In a call with reporters Sunday evening, administration officials described the plan as a fulfilment of Trump’s call for action in the wake of the school shooting in Parkland, Florida, that left 17 students and staff dead.
US officials: No more conditions imposed on NKorea for talks
Trump administration officials said Sunday there will be no more conditions imposed on North Korea before a first-ever meeting of the two nation’s leaders beyond the North's promise not to resume nuclear testing and missile flights or publicly criticize U.S.-South Korean military exercises.
The officials’ comments followed the surprise announcement last week that President Donald Trump has agreed to meet the North's Kim Jong Un by May.
“This potential meeting has been agreed to, there are no additional conditions being stipulated, but, again they — they cannot engage in missile testing, they cannot engage in nuclear testing and they can’t publicly object to the U.S.-South Korea planned military exercises,” deputy White House spokesman Raj Shah said.
Treasury Secretary Steven Mnuchin said the summit would give Trump a chance “to sit down and see if he can cut a deal” with Kim over the North’s nuclear program. “The president has been very clear in what the objective is here.

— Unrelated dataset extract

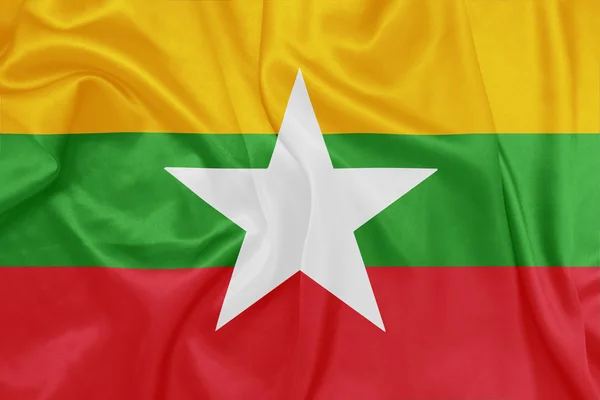 Myanmar - ondeando bandera nacional sobre textura de seda — Foto de Stock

And that is to get rid of nuclear weapons on the (Korean) peninsula,” Mnuchin said.
Chile veers right as Pinera returns to presidency
SANTIAGO, Chile Conservative Sebastian Pinera returned to Chile’s presidency Sunday, vowing to revive an economy that has slumped under centre-left leader Michelle Bachelet and calling for unity in helping the country’s less fortunate.
The outgoing leader handed the presidential sash to the president of Congress, who then swore in Pinera — who himself had turned over the office to Bachelet in a similar ceremony four years ago.
Pinera, a billionaire entrepreneur, oversaw growth that averaged 5.3 per cent a year during his first term from 2010 to 2014, aided by pro-business policies, rising prices for Chile’s chief export, copper, and a huge rebuilding effort following a magnitude 8.8 earthquake that hit just before he took office.
A slump in copper prices helped sour Bachelet’s second round as president, with the economy — and the president's popularity — slipping badly in 2014 and 2015. The country’s first female president had been wildly popular when she ended her initial term by handing power to Pinera.
Nerve agent attack against ex-spy ups pressure on UK
SALISBURY, England The health implications of the nerve agent attack on a Russian ex-spy and his adult daughter broadened Sunday after British officials said limited traces of contamination were found in a restaurant and a pub in the English city of Salisbury.
Public health officials said the risk of others being sickened by the chemicals that put the father and daughter in critical condition a week ago was very low. But they advised people who had patronized the businesses during a two-day period to wash their clothes, double-bag articles for dry cleaning, and wipe down items like jewelry.
“It’s really important to understand the general public should not be concerned. There is, on the evidence currently, a very low risk.” Dr. Jenny Harries of Public Health England said at a news conference.
Sergei Skripal, 66, and his daughter, Yulia, 33, were found comatose on a bench near the Zizzi restaurant and The Mill pub on March 4. Several hundred people would have been in the Salisbury establishments that day and the day after, Harries said.
The public health concerns — and the seven days it took authorities to give instructions for reducing possible exposure risks — increased pressure on the British government to take action against whoever is deemed responsible for the rare nerve agent attack.
Treasury chief Philip Hammond added his voice Sunday to the chorus of senior British figures vowing that strong steps will be taken if a foreign government is found to be responsible. Britain would “respond appropriately” in that case, Hammond said.
Authorities have not yet named the nerve agent used or signalled that the evidence collected so far suggests another government is to blame.